» **RECORDED INFORMATION**
═══

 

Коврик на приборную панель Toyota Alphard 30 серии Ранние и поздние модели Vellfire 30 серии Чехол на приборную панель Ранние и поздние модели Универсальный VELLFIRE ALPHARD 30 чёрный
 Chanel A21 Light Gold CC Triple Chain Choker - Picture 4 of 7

═══

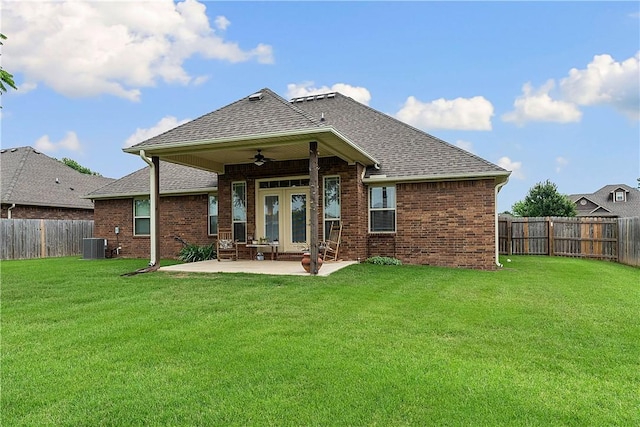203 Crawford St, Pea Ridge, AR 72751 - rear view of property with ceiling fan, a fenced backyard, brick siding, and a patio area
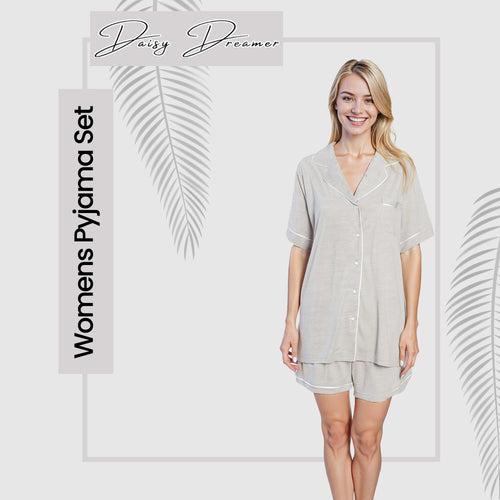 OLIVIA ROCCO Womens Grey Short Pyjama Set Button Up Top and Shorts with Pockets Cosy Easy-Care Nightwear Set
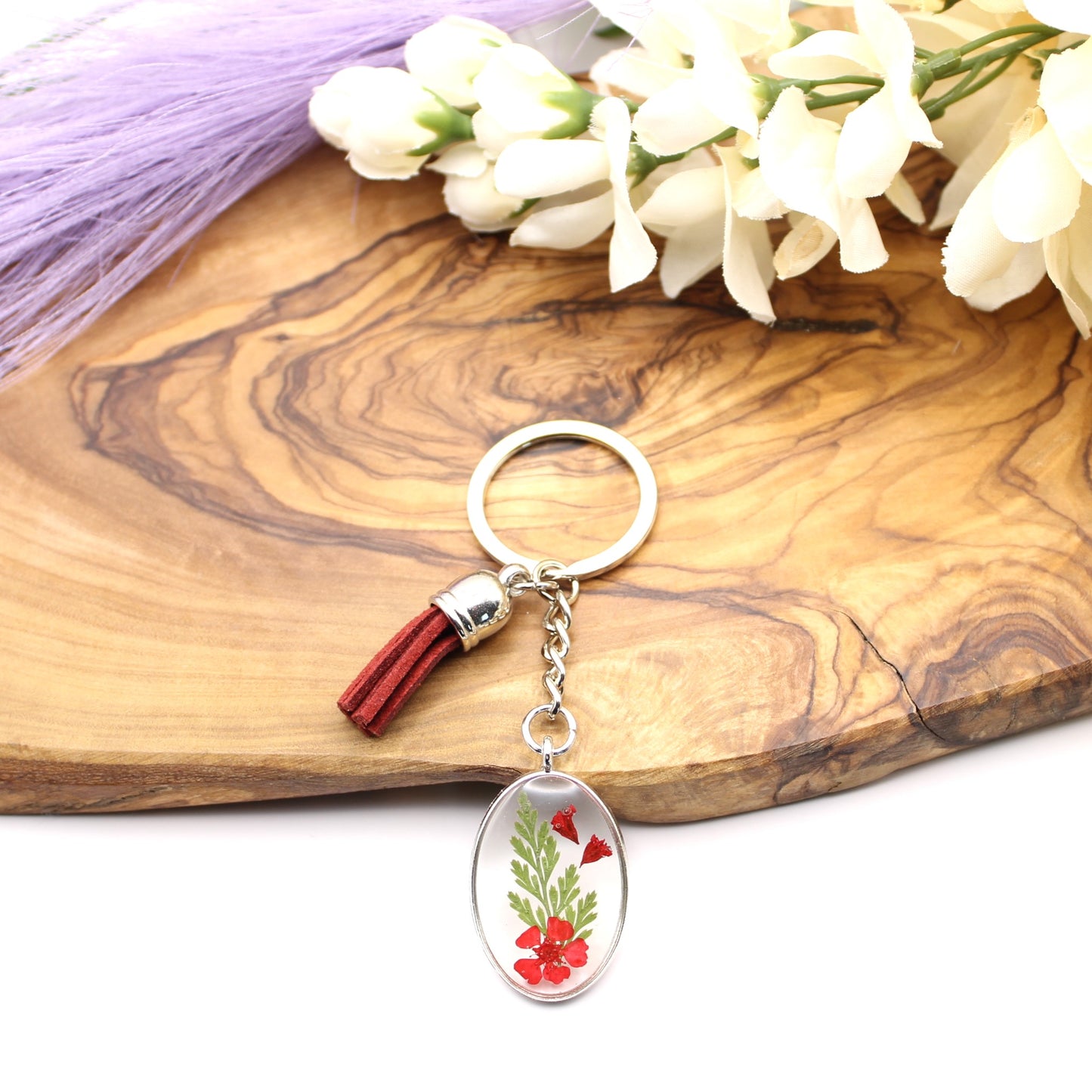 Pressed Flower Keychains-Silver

═══

» **WHAT TO PRODUCE**
Above are some entries. Restate word for word the lines from the one holding "203 Crawford St, Pea" through the one holding "Pressed Flower Keychains-Silver", but not the pictures.

» **ANSWER BOX**
203 Crawford St, Pea Ridge, AR 72751 - rear view of property with ceiling fan, a fenced backyard, brick siding, and a patio area
 OLIVIA ROCCO Womens Grey Short Pyjama Set Button Up Top and Shorts with Pockets Cosy Easy-Care Nightwear Set
 Pressed Flower Keychains-Silver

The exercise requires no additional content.